Play it again, Sam

Writers have it rough. We always have to come up with fresh material, day after day, year after year. As soon as I finish writing a book, everyone’s first question is, “What are you going to do next?” Couldn’t we all read this current one first?

Singers have it easy. If any singer has a hit, he or she can perform that song over and over again to the delight of audiences everywhere. In fact, that’s what they want to hear, the old favourites, not some new dud tune. Meatloaf has made a life’s career singing Bat Out of Hell night after night. If that’s too boring, a singer can choose to be Diana Kroll and do covers, singing other peoples’ songs with no protests. People swoon at her Sinatra. Writers can’t do the same. If I began a post by saying, here’s a little something by Dave Barry, I’d at best be laughed at, at worst get whacked with charges of plagiarism.

Broadway has the same capacity to repeat previous success. On stage they’re called “revivals” and you go and see South Pacific all over again, just as your father before you. It’s a different woman washing a different man out of her hair but the same icky sentiment prevails and the same Bali Hai rises in the background. And don’t get me started on symphonies. All those stuffed shirts playing Baroque movements by Bach that have been around since the eighteenth century and maybe played better by their foremothers, too.

They say imitation is the sincerest form of flattery. Hah! Try that as a writer. I might begin a paean about Toronto with the words, “It is a melancholy object to those who walk through this great town ….” But sooner or later someone would cry out, “He plagiarized Jonathan Swift’s A Modest Proposal where Swift urged the Irish to overcome hunger by eating their young.” And where would that leave me but on the buffet table, too.

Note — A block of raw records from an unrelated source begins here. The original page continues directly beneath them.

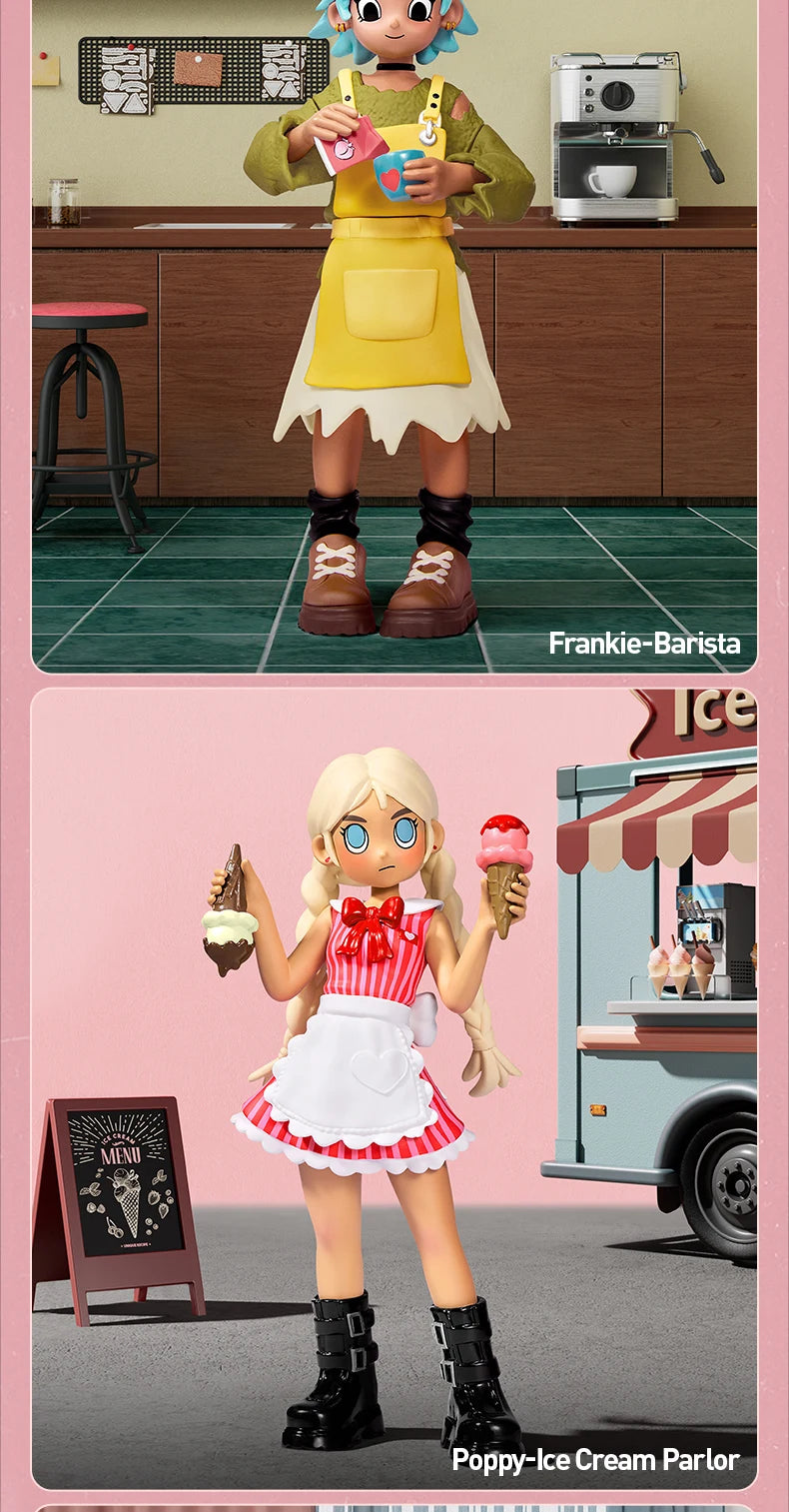 POP MART Peach Riot Rush Hour Series Figures Blind Box 1PC/12PCS Mystery Box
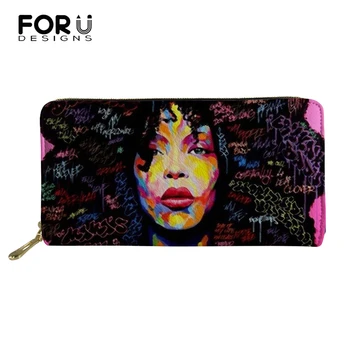 FORUDESIGNS Women Change Coin Purses Holders African Girls Print Pattern Travel Passport Pocket Casual PU Fashion Long Wallets
FORUDESIGNS Women Change Coin Purses Holders African Girls Print Pattern Travel Passport Pocket Casual PU Fashion Long Wallets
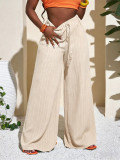 Drawstring Loose Wide Leg Pants HNIF-SY031
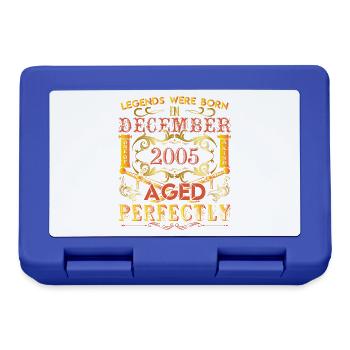 December 2005 - birthday 2005 legends were born. - Lunchbox - royal blue - Front
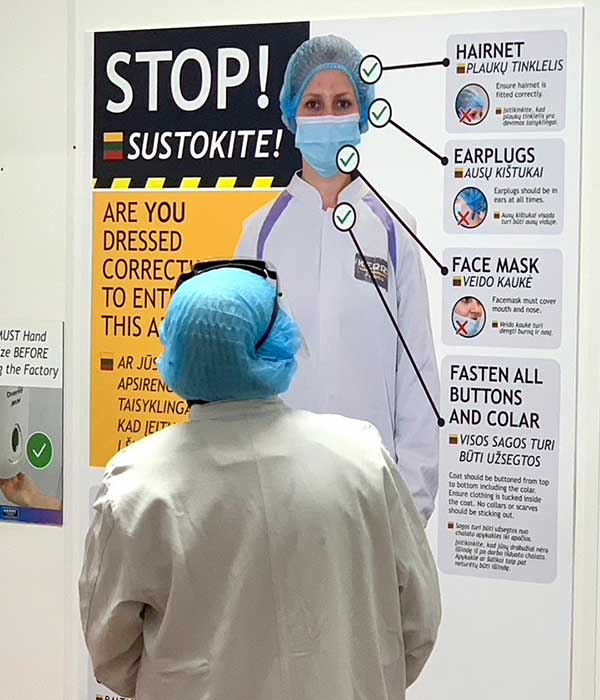 PPE Check Station Board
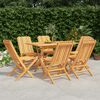 vidaXL Ensemble &agrave; manger de jardin 7 pcs Bois de teck solide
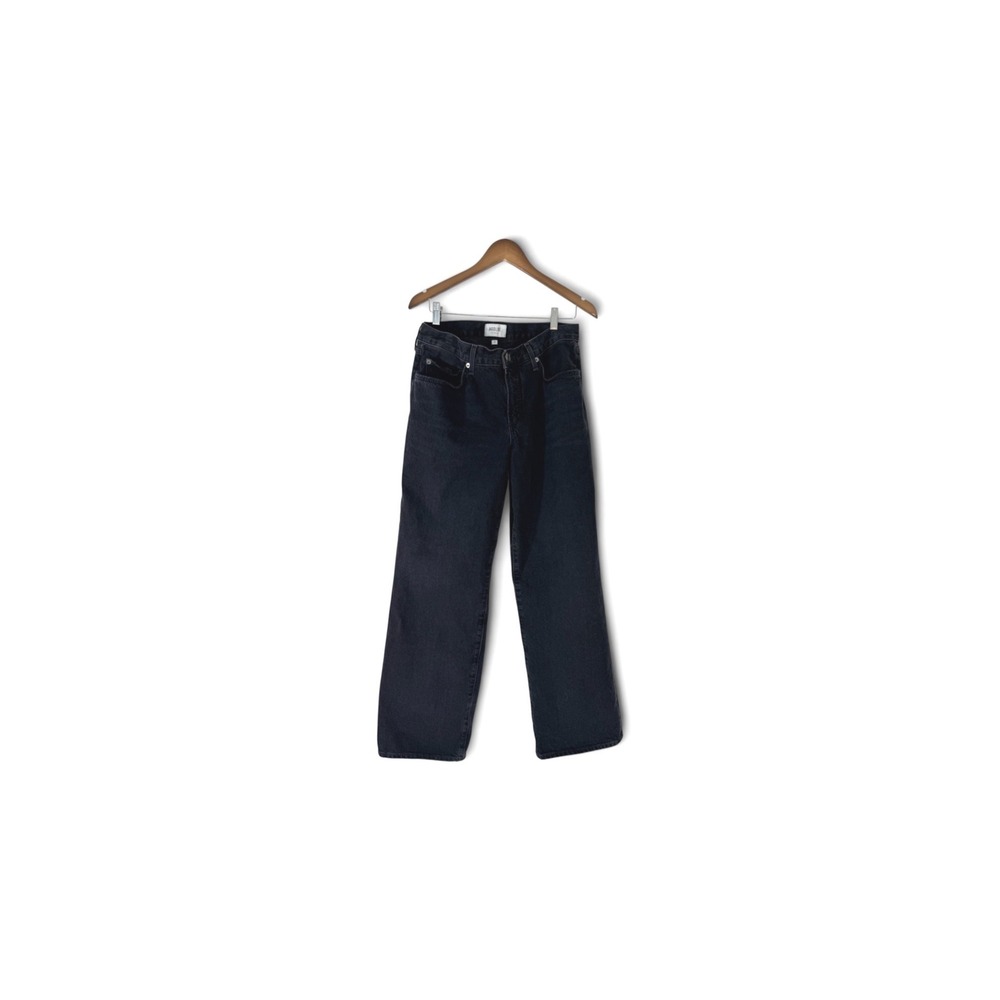 AGOLDE Womens Straight Leg Jeans Washed Black Denim Size 28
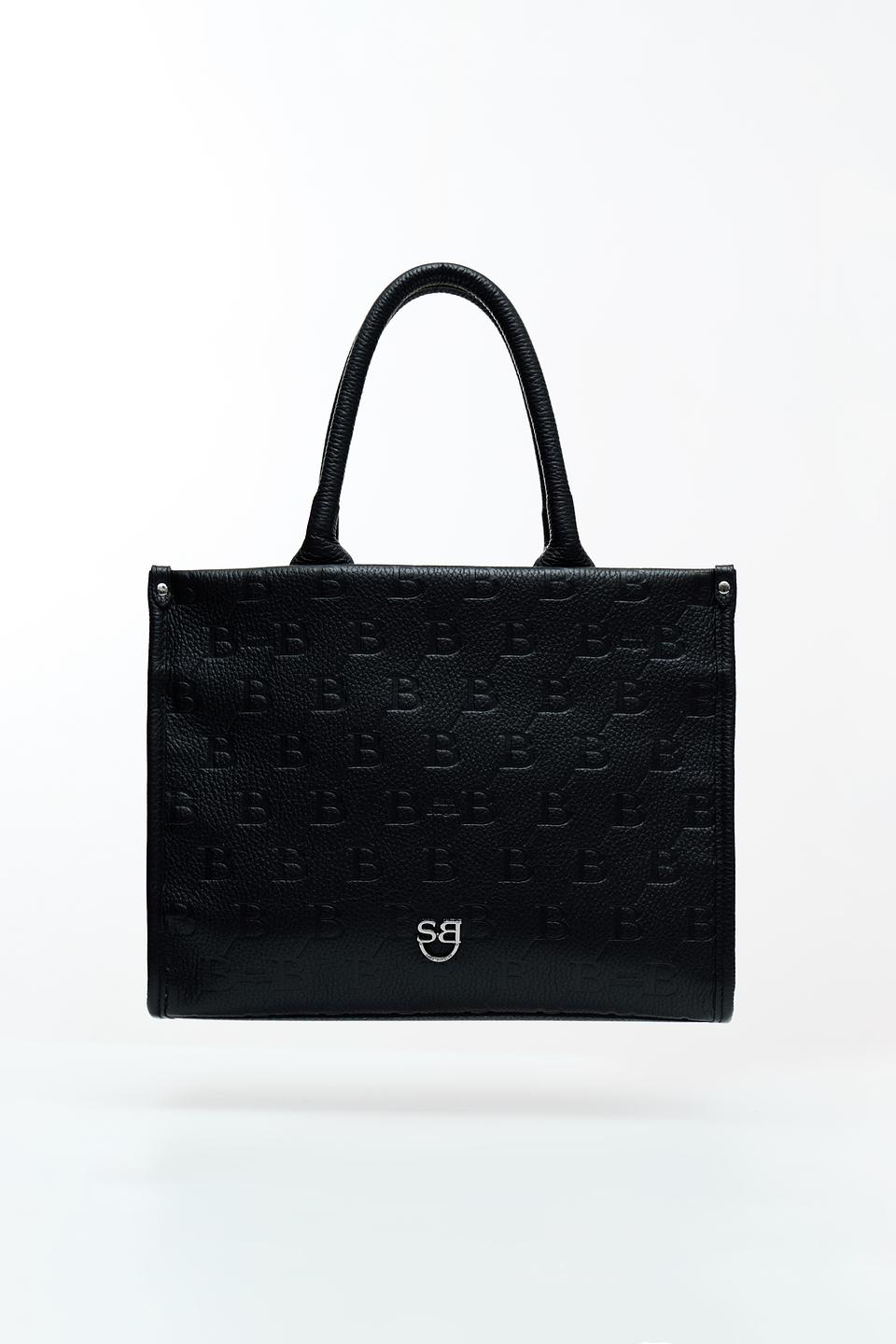 Сумка Sara Burglar с тиснением BB чёрная
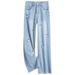 Drop-shipping Straight-leg Jeans For Women, 2024 Spring And Autumn New Style, High-waisted, Slimming, Drapey,_mkmklike.com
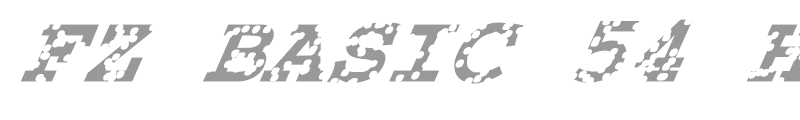 FZ BASIC 54 HOLEY ITALIC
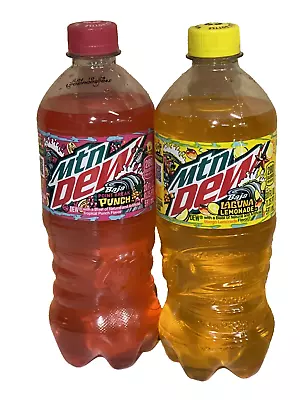 New Mtn Dew Baja Point Break Punch & Laguna Lemonade Soda 2 - 20 Floz Bottles • $19.99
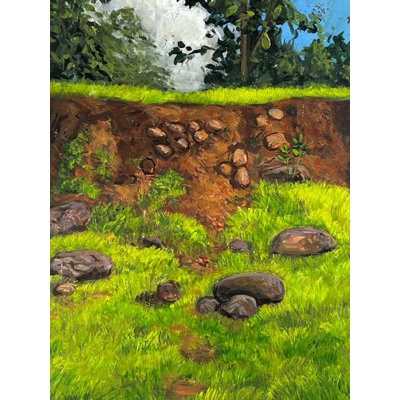 Backyard - The Landscape | Acrylic Painting By Somnath Harne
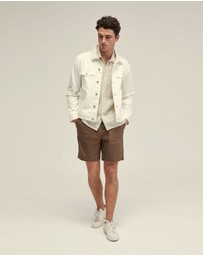 Oxford - Leyton Pure Linen Short Sleeve Shirt
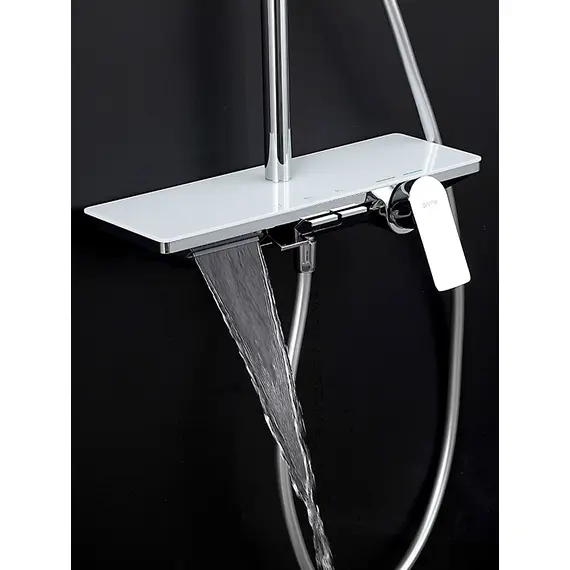 Душевая система с тропическим душем и смесителем Gappo G2496-10, изображение 7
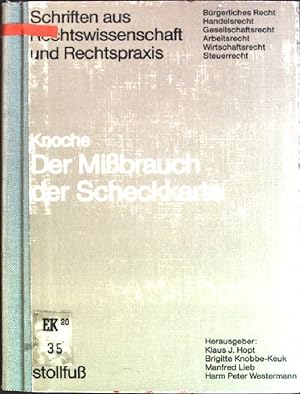 Immagine del venditore per Der Missbrauch der Scheckkarte Schriften aus Rechtswissenschaft und Rechtspraxis; Bd. 7 venduto da books4less (Versandantiquariat Petra Gros GmbH & Co. KG)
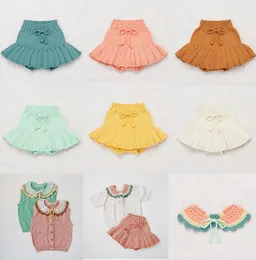 Misha och Puff 2020 Spring Summer Ny Arrivals Kids Girls Knit kjolar Lovely Hand Made Kids Girls Summer kjol Baby Brand Clothe Y8482889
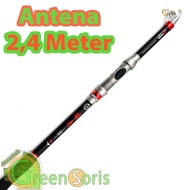 Joran Pancing Laut Antena 2.4 meter Carbon Fiber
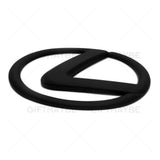 For Lexus Trunk Logo Badge Emblem Car Exterior Replace Matte Black F-Sport IS GS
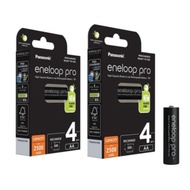 Panasonic Eneloop Pro 2500mAh AA×4 Rechargeable Battery
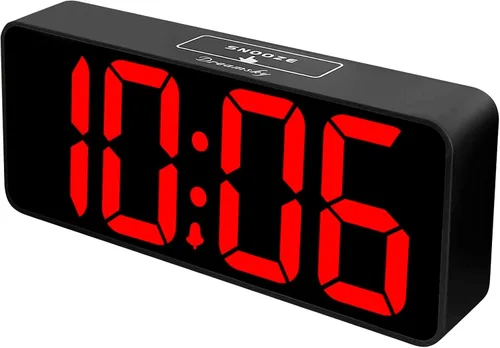 Miniatura 11 de DreamSky Reloj despertador digital grande con números grandes para personas mayores y personas con discapacidad visual, relojes eléctricos de 9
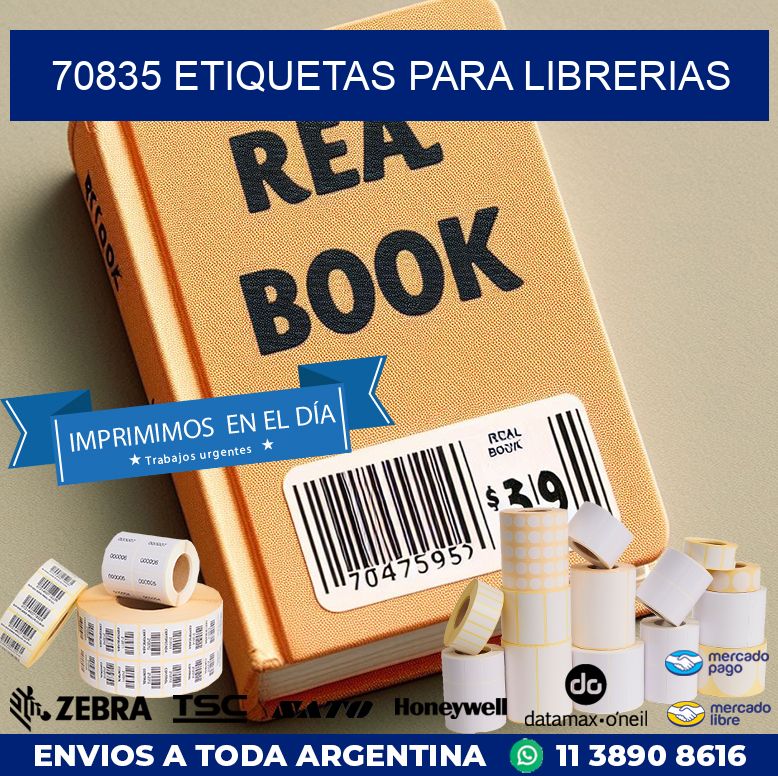 70835 ETIQUETAS PARA LIBRERIAS
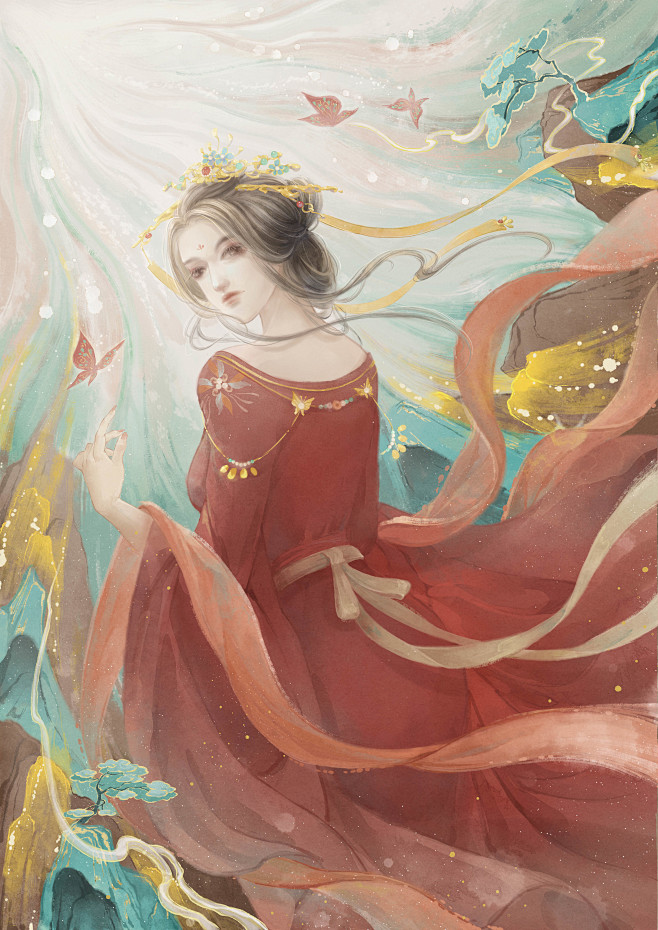 古风人物插画红颜不闻今夕插画师作品涂鸦王国gracgcom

Rap artists are particularly egregious about freeloading on others. They even have a name for it, sampling, where they simply run a melody written by someone else right through their work. Usually, such theft forms the best part of an otherwise unlistenable song, but there are no repercussions. In fact, sampling is celebrated. What gives? Why are the rules so different among the various creative forms?

Well, I’m about to change all that. From this day forth, there will be no original work in this blog. Just the republished work of others. Readers who can name the source will get a one-year free subscription. And if you fall for that, you don’t know what day it is.